We test the max throughput numbers with sequential 128K reads and writes. We take a baseline fresh number first, then check again after the 2x random fill. Notice that the max reads are capped at 3.3GB/s.
The P320h is “limited” to around 3.3GB/s. Why? Because the PCIe Gen 2 interface is good for approximately 3.3GB/s of throughput. Since 785,000 4K IOPS equals ~3.3GB/s, the P320h is limited to 785,000 4K Random Read IOPS by the interface itself. Without the Gen 2 limitation, the P320h could probably better that. The fact that the P320h can saturate its interface with sequential and small random IOPS is truly excellent, certainly not something seen everyday.

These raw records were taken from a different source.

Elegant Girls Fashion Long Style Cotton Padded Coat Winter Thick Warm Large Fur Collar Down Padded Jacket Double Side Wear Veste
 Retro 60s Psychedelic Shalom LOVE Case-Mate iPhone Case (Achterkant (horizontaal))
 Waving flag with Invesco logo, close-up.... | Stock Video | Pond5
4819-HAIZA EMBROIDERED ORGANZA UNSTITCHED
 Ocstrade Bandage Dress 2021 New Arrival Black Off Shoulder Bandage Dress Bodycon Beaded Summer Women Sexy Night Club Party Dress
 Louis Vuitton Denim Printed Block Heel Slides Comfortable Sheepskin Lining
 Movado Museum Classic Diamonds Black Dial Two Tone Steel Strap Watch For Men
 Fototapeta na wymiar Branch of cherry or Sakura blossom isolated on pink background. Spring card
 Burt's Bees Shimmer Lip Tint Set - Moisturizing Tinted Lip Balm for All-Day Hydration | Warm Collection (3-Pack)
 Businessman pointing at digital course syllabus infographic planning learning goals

The P320h just scales exceedingly well. 785K IOPS are achieved at a QD of 256. Below that, performance slopes downward with latency, while at a QD of 512 performance is nearly at peak. Beyond 256 commands outstanding, latency starts getting out of hand, though. For super high QD situations, the high queue depth interrupt coalescing setting is probably more appropriate.
The P320h serves up some excellent write latency. Writes also hit their maximum performance with 256 outstanding commands. The P320h’s driver is optimized to function best around QD 256, whether in Windows or Linux. If you can’t get to 256 with writes, you can still get pretty close to peak performance.
We can look at a matrix of average latency at QD 1 to get a standardized latency measurement.
We run latency measurements at 512 bytes, 4K, and 8K block sizes. For each block size, we run one minute of logging for 100% read, 65% read, and 100% write. The results fit in neatly with the previous 4K read and write charts.
Instead of measuring average latency, this chart measures maximum latency. Max latency is at or above one millisecond (1000 microseconds) for each QD 1 blocksize and read/write mix.